▼▼▼

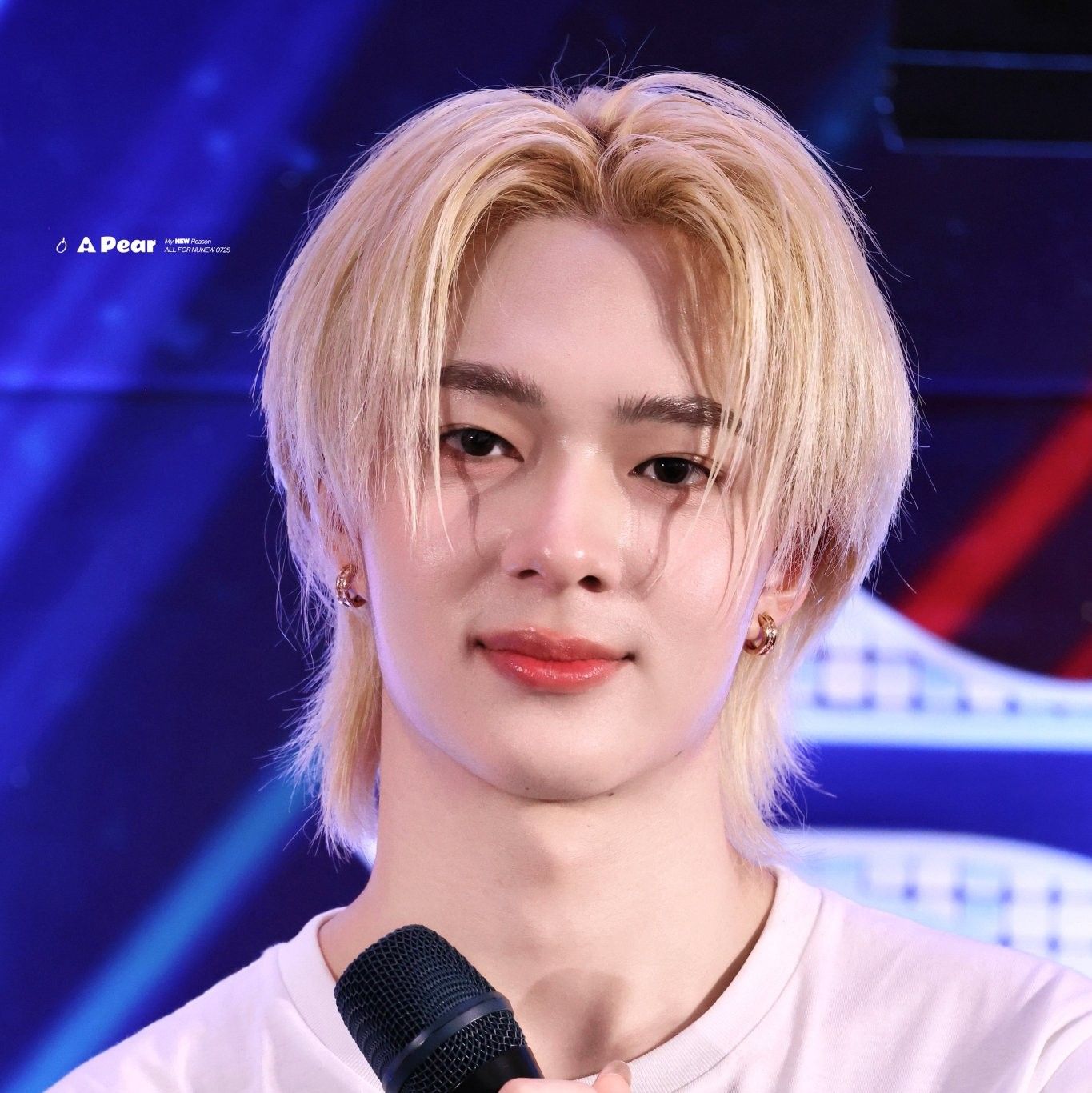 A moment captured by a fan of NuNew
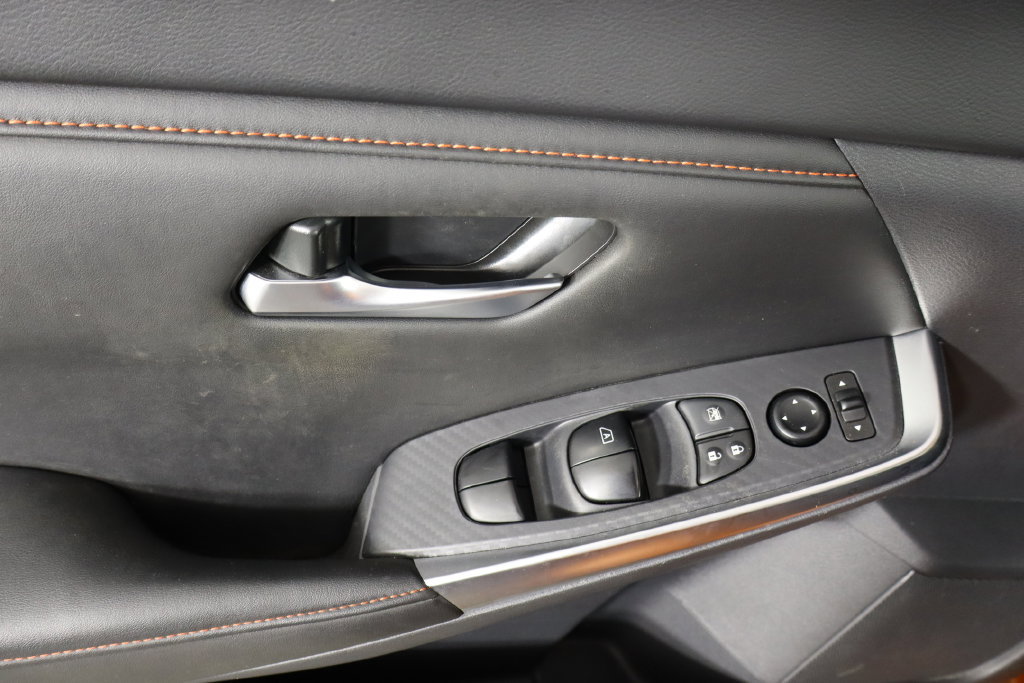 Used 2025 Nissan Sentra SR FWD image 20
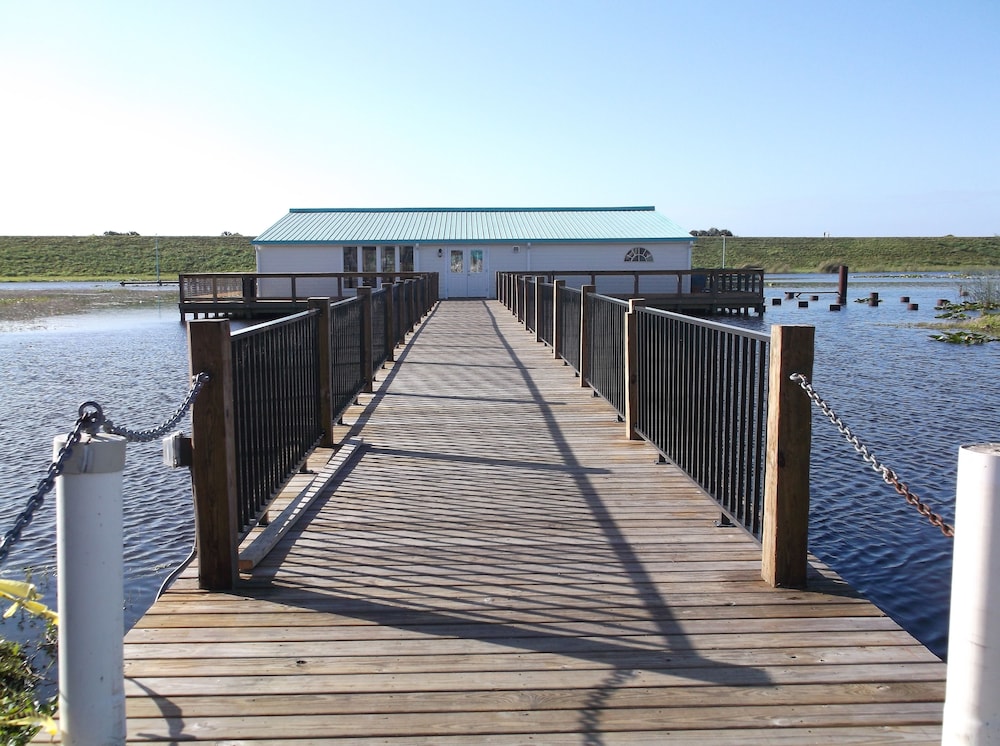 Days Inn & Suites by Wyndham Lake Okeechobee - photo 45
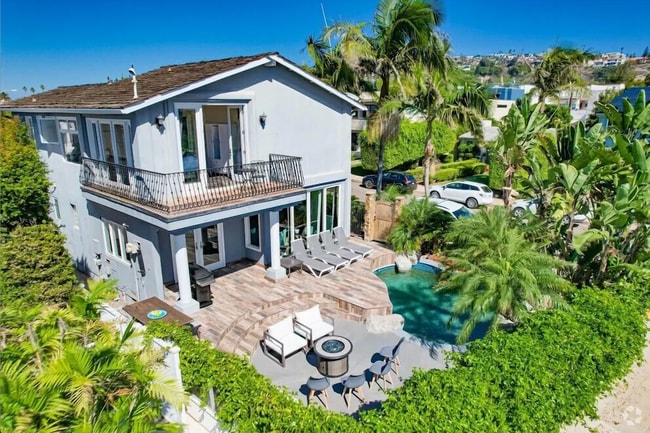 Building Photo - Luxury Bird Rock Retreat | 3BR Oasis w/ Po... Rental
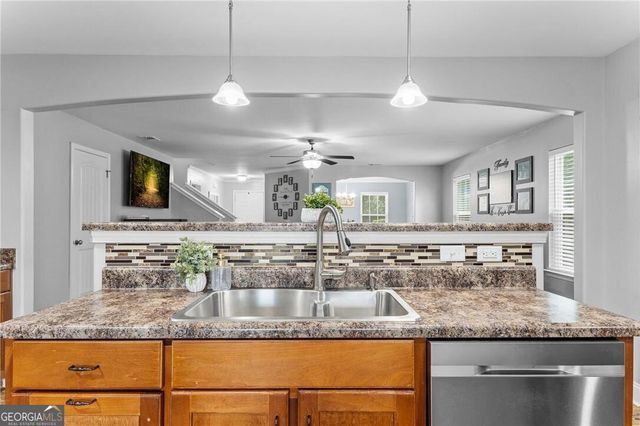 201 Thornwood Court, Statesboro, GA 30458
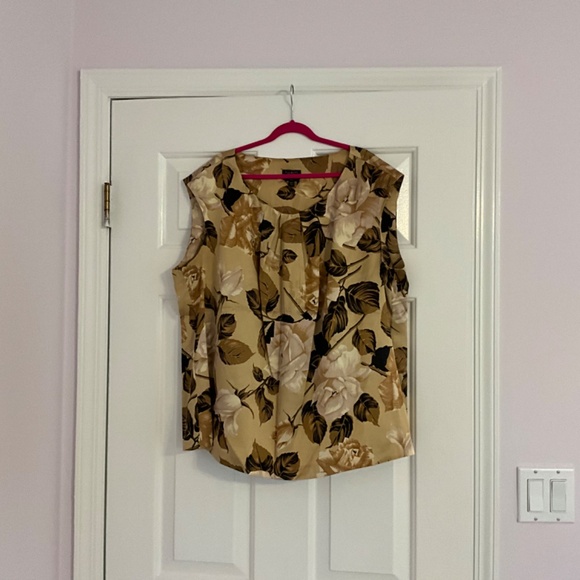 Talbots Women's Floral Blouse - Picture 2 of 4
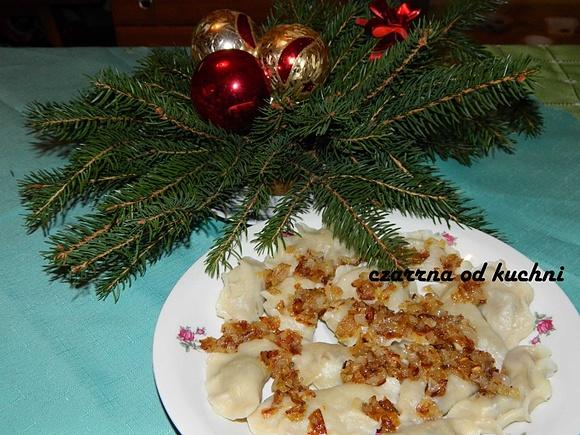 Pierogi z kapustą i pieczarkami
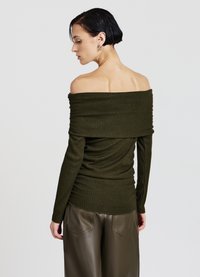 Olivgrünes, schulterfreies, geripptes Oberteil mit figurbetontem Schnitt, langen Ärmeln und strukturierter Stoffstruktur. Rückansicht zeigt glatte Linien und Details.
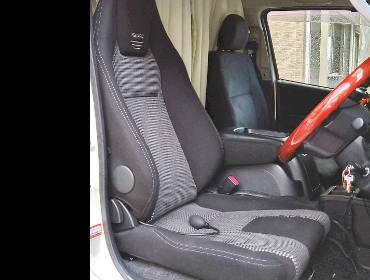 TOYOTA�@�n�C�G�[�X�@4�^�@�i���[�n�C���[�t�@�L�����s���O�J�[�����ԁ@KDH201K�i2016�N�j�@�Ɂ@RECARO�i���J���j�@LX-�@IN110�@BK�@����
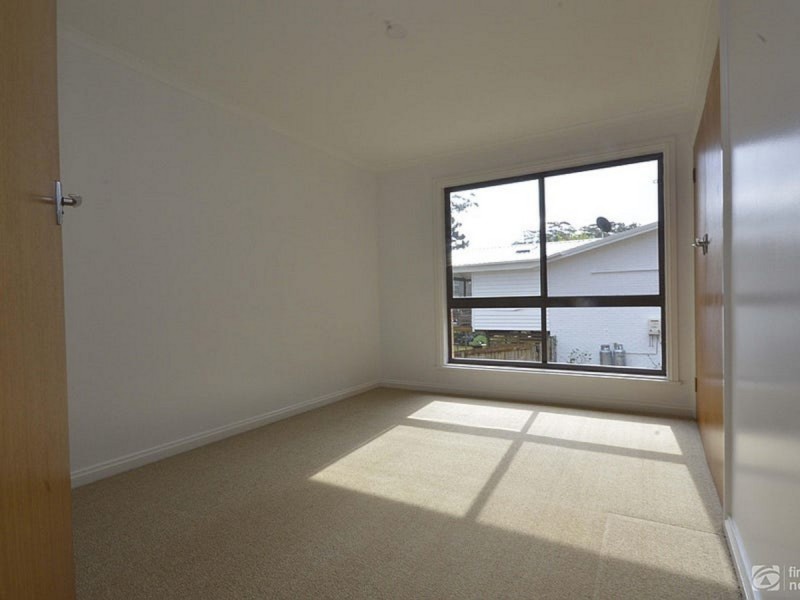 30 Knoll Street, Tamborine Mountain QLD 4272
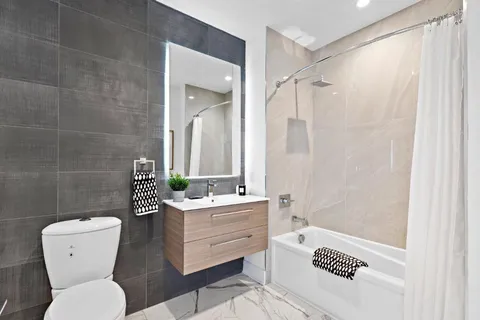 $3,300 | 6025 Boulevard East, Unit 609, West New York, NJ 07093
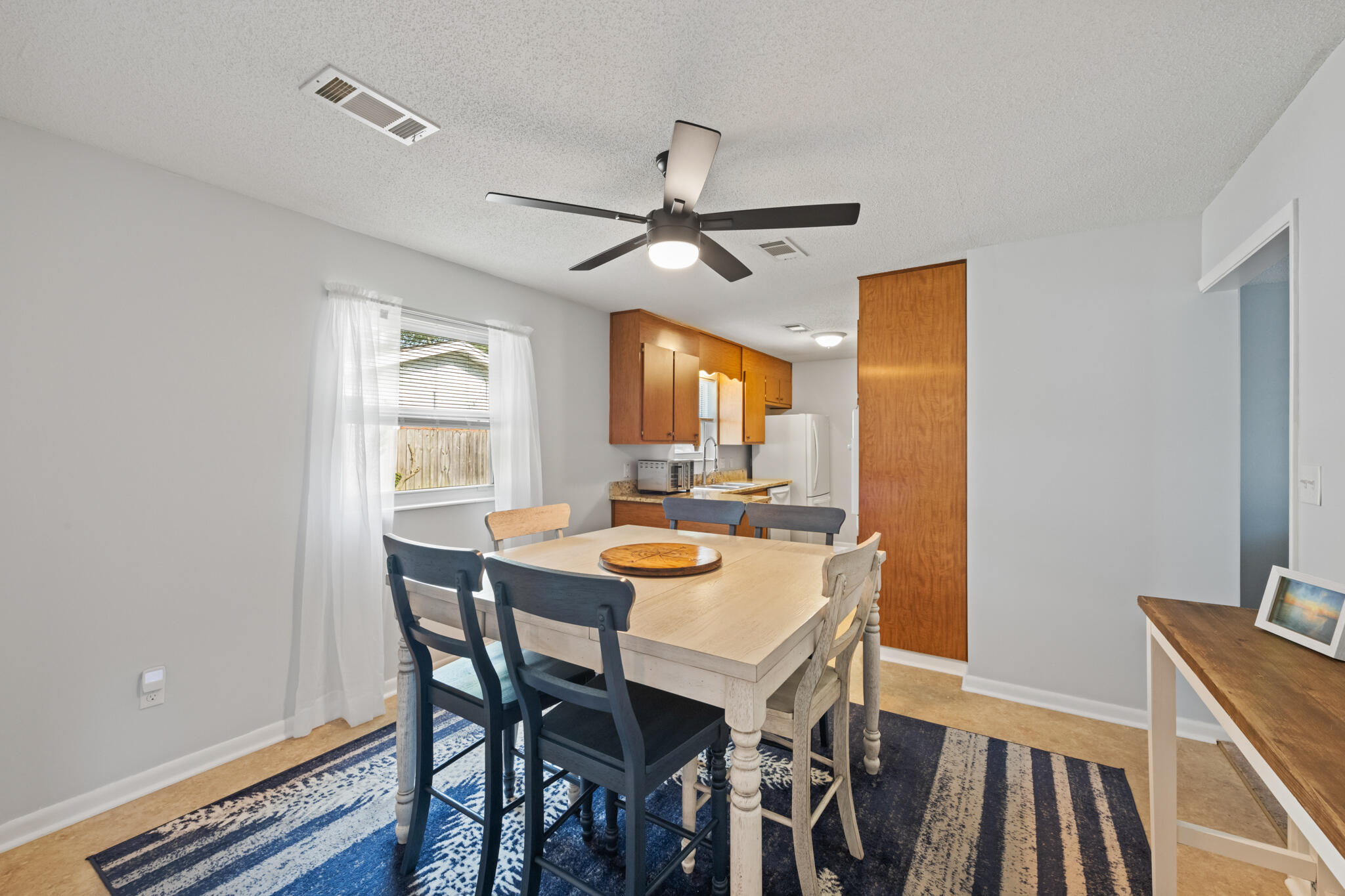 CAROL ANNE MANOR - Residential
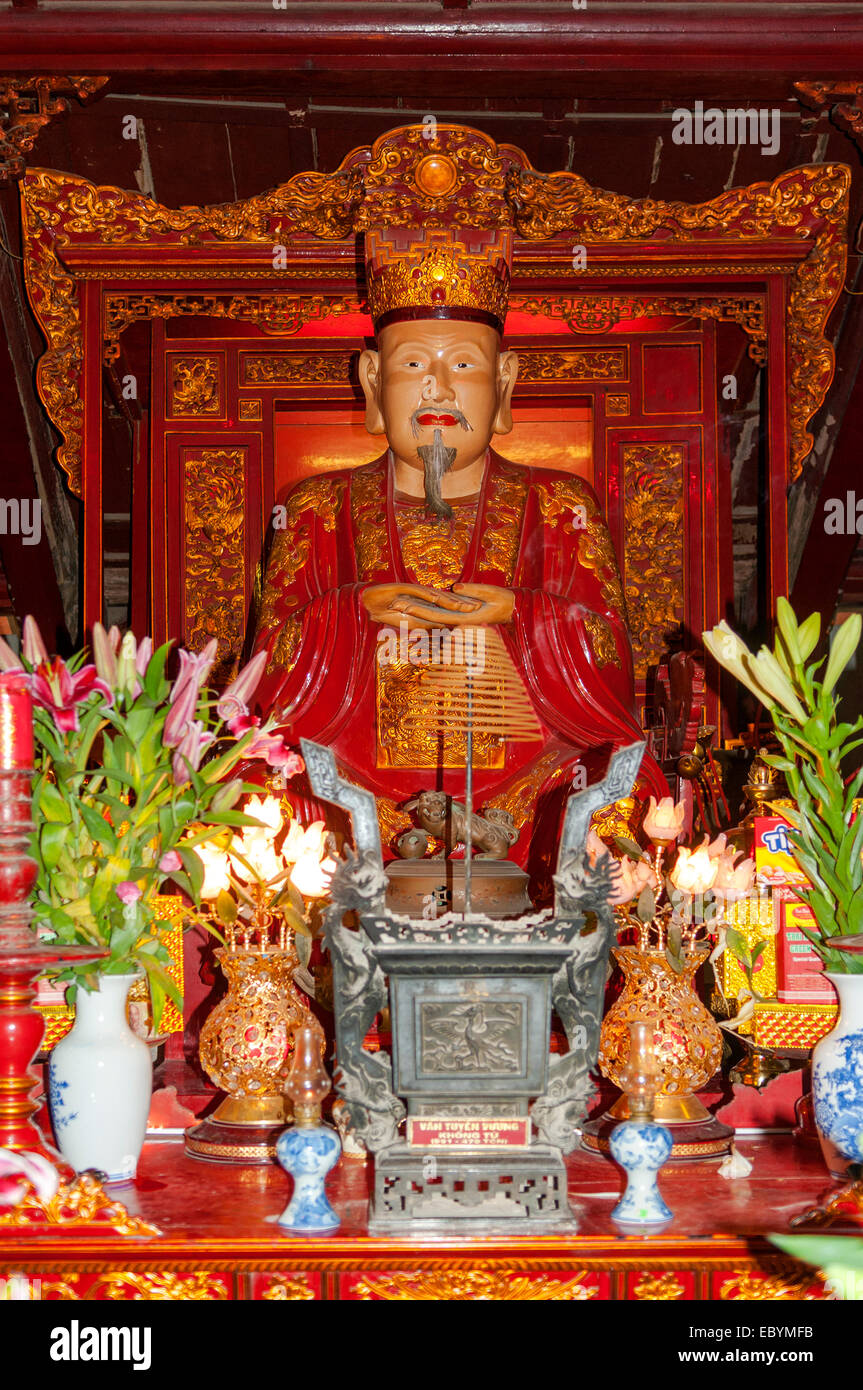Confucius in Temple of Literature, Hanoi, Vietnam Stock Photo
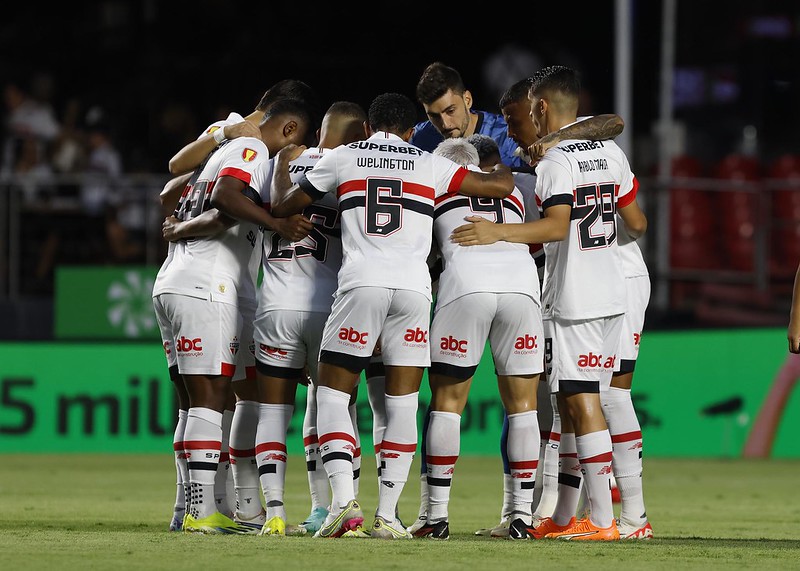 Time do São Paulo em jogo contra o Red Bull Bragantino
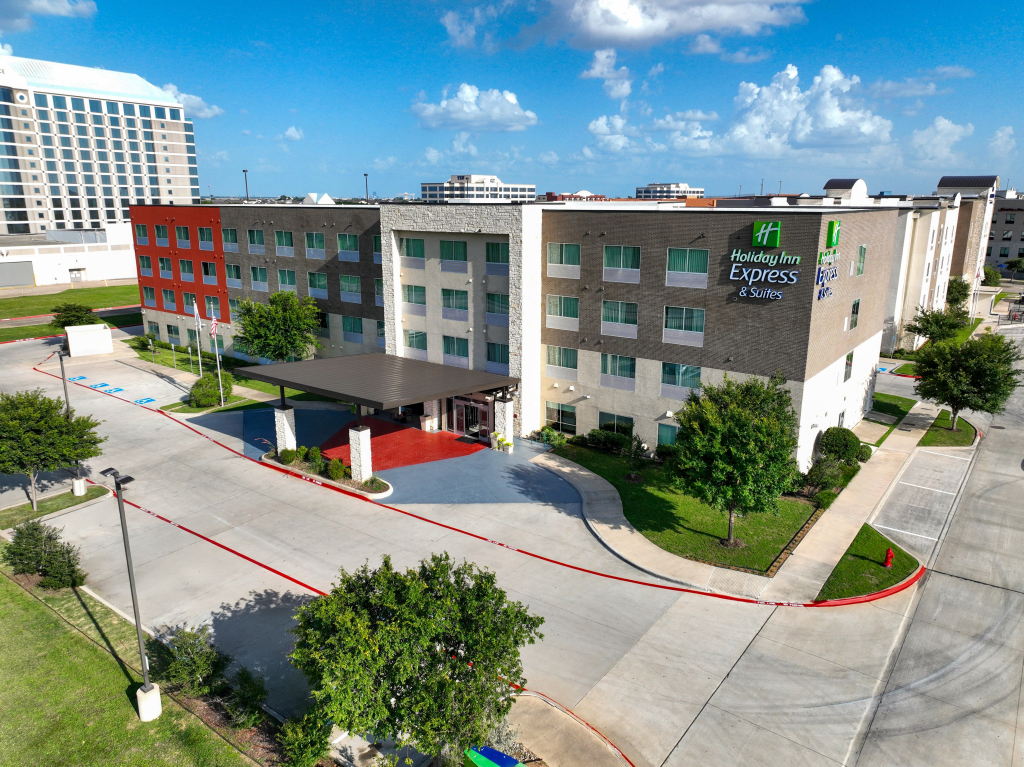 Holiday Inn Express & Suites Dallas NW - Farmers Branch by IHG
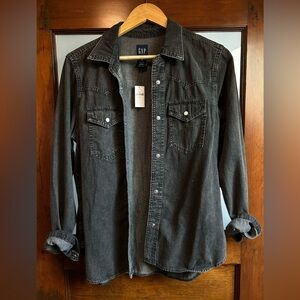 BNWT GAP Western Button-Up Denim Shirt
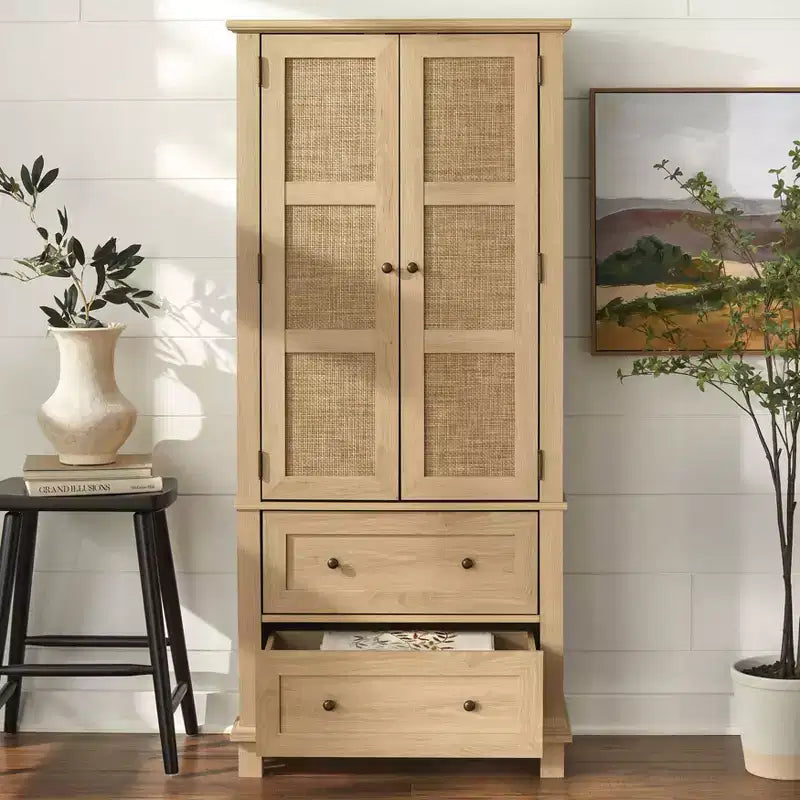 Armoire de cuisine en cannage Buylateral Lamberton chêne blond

▲▲▲

**TASK OBJECTIVE**
Skip the pictures and retype exactly the lines from the one that contains "TOYOTA�@�n�C�G" to the last line of the records.

**TASK SOLUTION**
 TOYOTA�@�n�C�G�[�X�@4�^�@�i���[�n�C���[�t�@�L�����s���O�J�[�����ԁ@KDH201K�i2016�N�j�@�Ɂ@RECARO�i���J���j�@LX-�@IN110�@BK�@����
 30 Knoll Street, Tamborine Mountain QLD 4272
 $3,300 | 6025 Boulevard East, Unit 609, West New York, NJ 07093
 CAROL ANNE MANOR - Residential
Confucius in Temple of Literature, Hanoi, Vietnam Stock Photo
 Time do São Paulo em jogo contra o Red Bull Bragantino
 Holiday Inn Express & Suites Dallas NW - Farmers Branch by IHG
 BNWT GAP Western Button-Up Denim Shirt
 Armoire de cuisine en cannage Buylateral Lamberton chêne blond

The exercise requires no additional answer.